*** EXERCISE INPUTS Section Begins ***
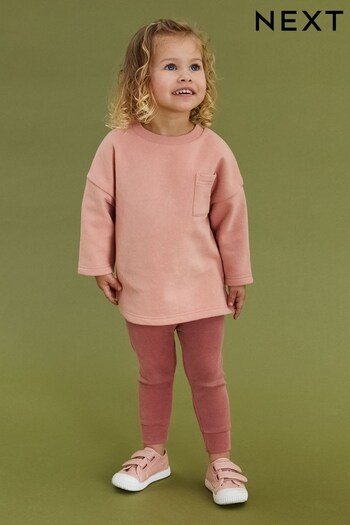 Pink Core Sweat and Legging Set (3mths-7yrs) (D53792) | £12 - £16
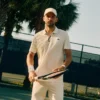 Ultra Dry bedrukt slim fit tennispolo voor heren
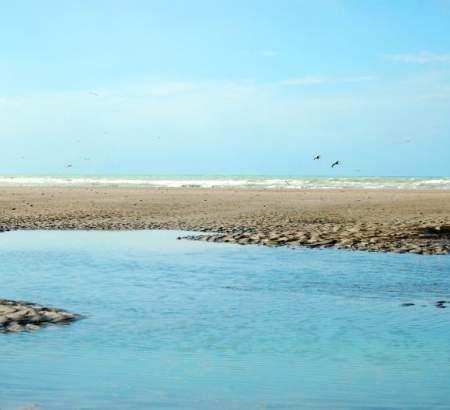 Vue de la Baie de d'Authie en Picardie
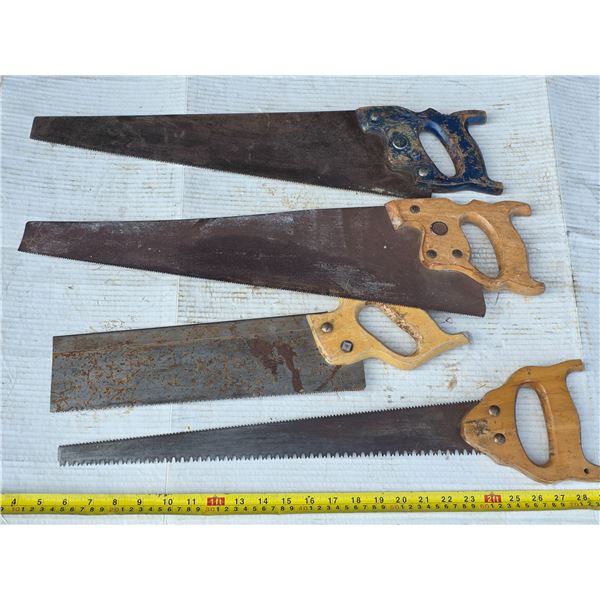 4 handsaws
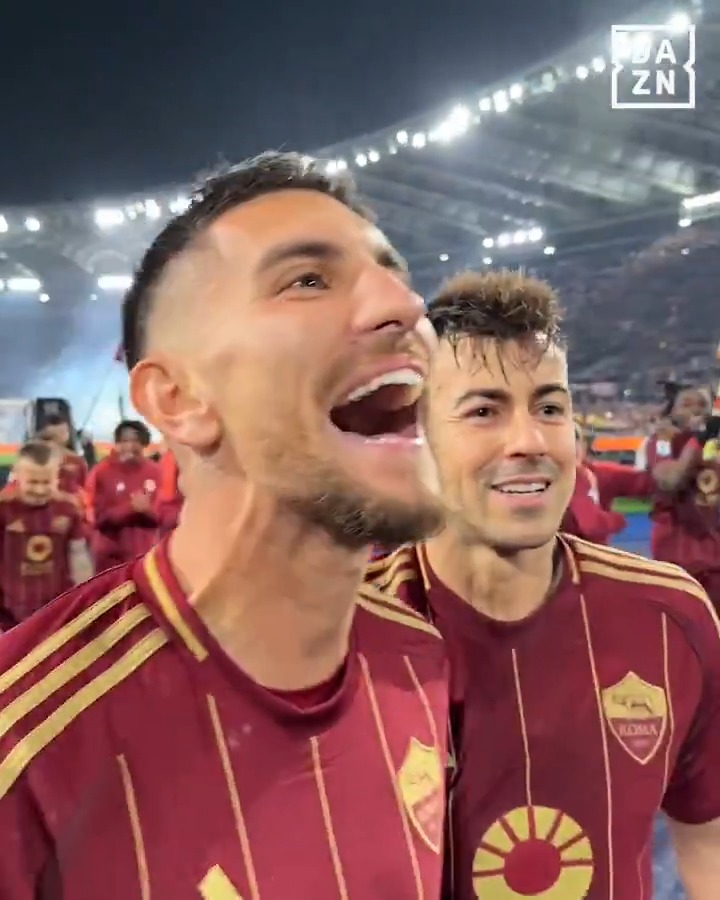 #Pellegrini si riprende la Roma ❤️ #RomaLazio #DAZN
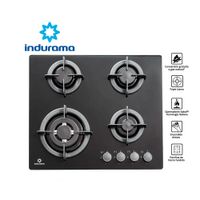 Encimera Indurama Multigas EGI-604VDNEG 4 Quemadores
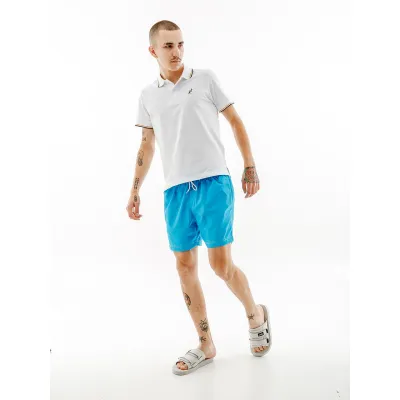 Чоловіча Футболка AUSTRALIAN 2-STRIPE PIQUE' POLO S-FIT Білий L (7dLSUPO0004-002 L) - 2 - Robinzon.ua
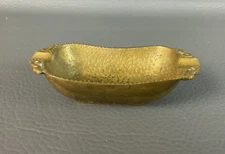 Vintage Brass Dayagi Ashtray Made in Israel Ornate Design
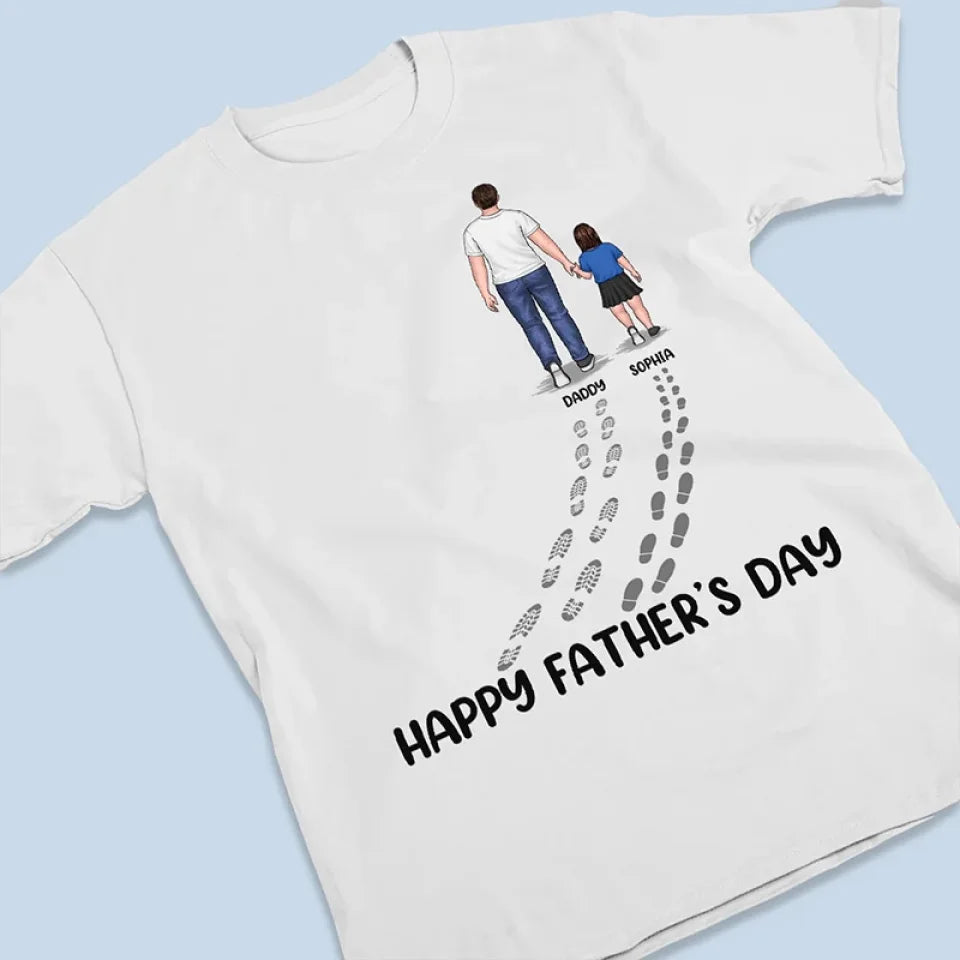 Best Dad Ever - Family Personalized Custom Unisex T-shirt - Father's Day, Birthday Gift For Dad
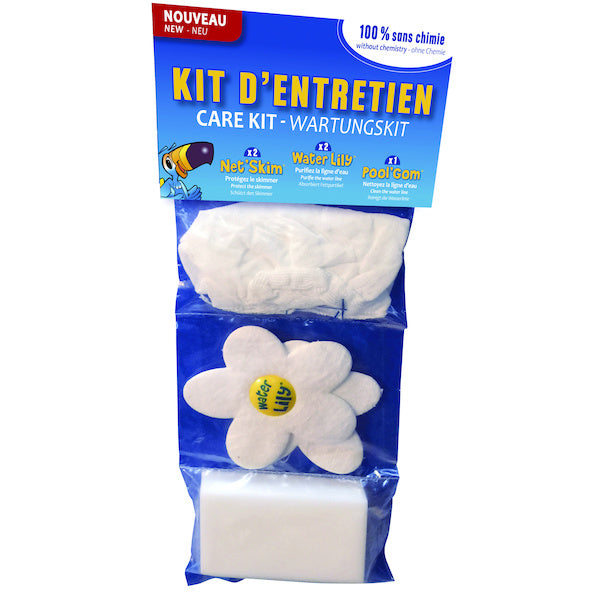 Kit d'entretien piscine et spa Toucan - Net'Skim, Water Lily, Pool Gom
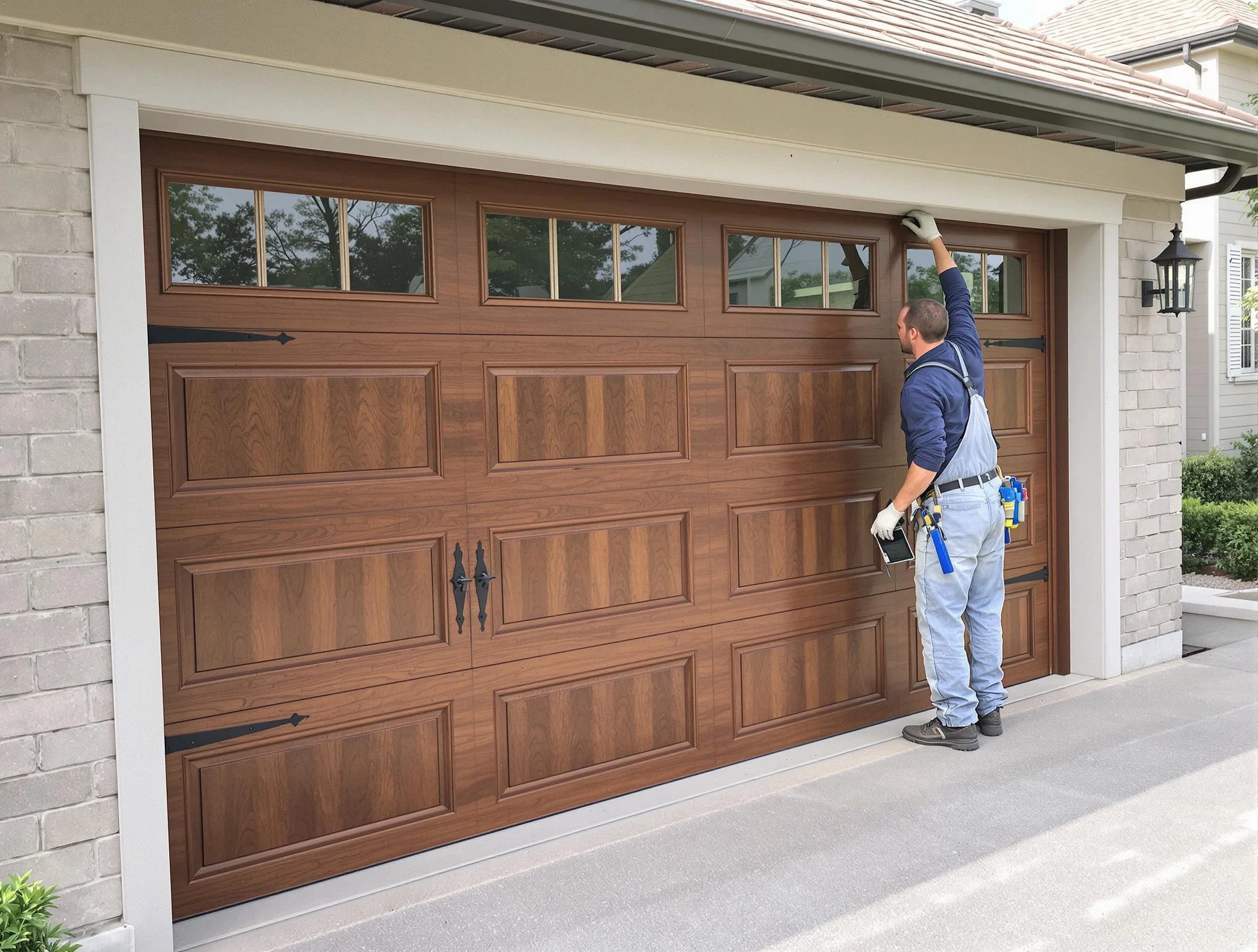 Custom garage door showcase by Syracuse Garage Door Repair in Syracuse
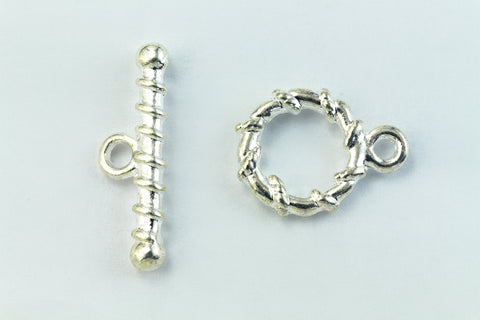 11mm Bright Silver Toggle Clasp #CLB208-General Bead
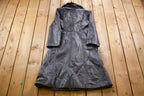 Vintage 1970s Genuine Leather Fur Collar Penny Lane Coat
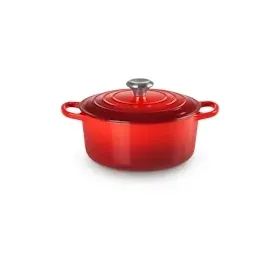 Le Creuset Signature Bräter 24 cm rund kirschrot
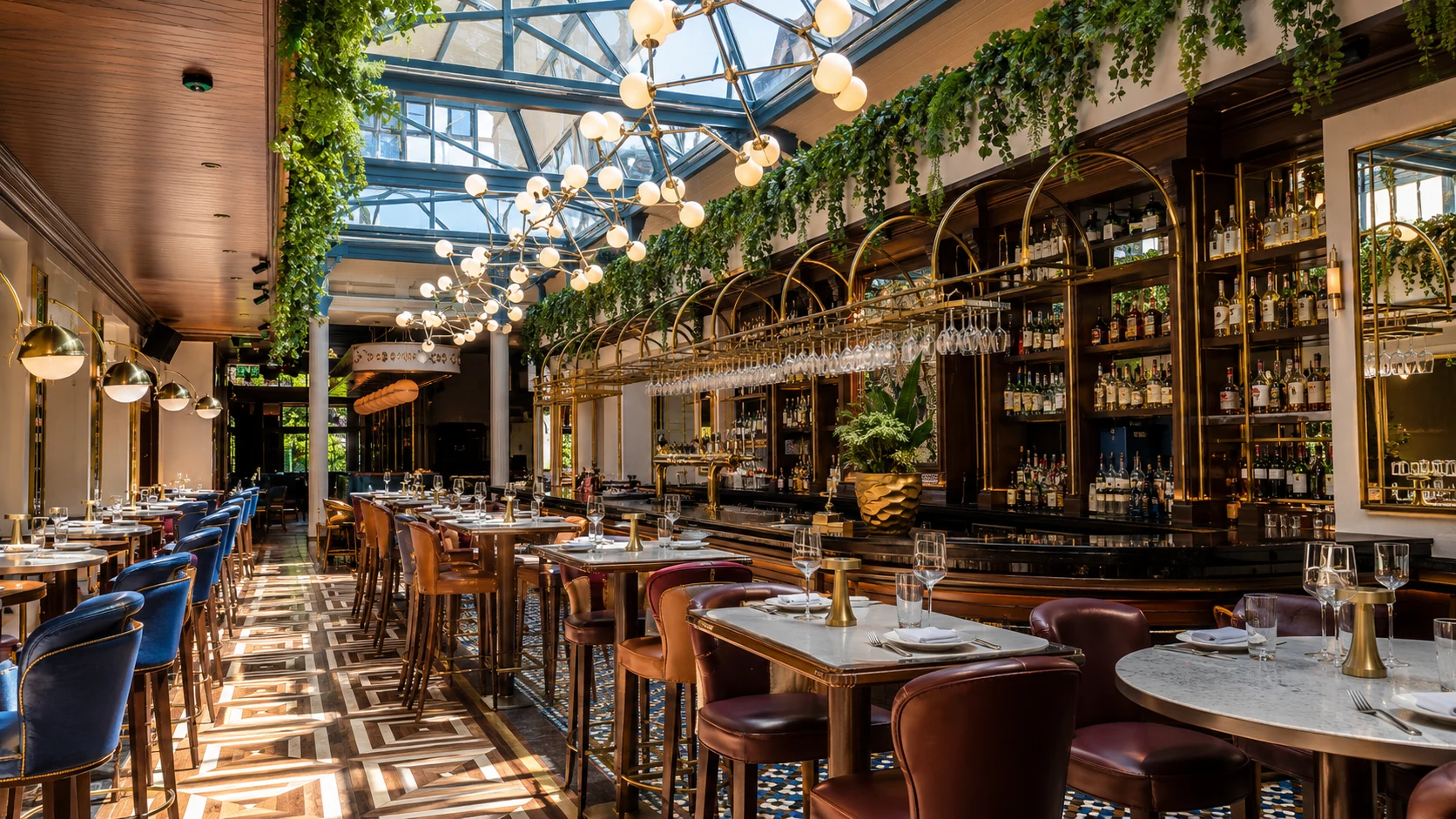 Coffee shop at Café en Seine in Dublin, a brunch and drinks spot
*** EXERCISE INPUTS Section Ends ***
PROBLEM DETAILS -
Transcribe exactly, and only, the lines from the one containing "Vintage 1970s Genuine" through the last line of the records above, both included; leave out the pictures.

PROBLEM SOLUTION -
 Vintage 1970s Genuine Leather Fur Collar Penny Lane Coat
 Le Creuset Signature Bräter 24 cm rund kirschrot
 Coffee shop at Café en Seine in Dublin, a brunch and drinks spot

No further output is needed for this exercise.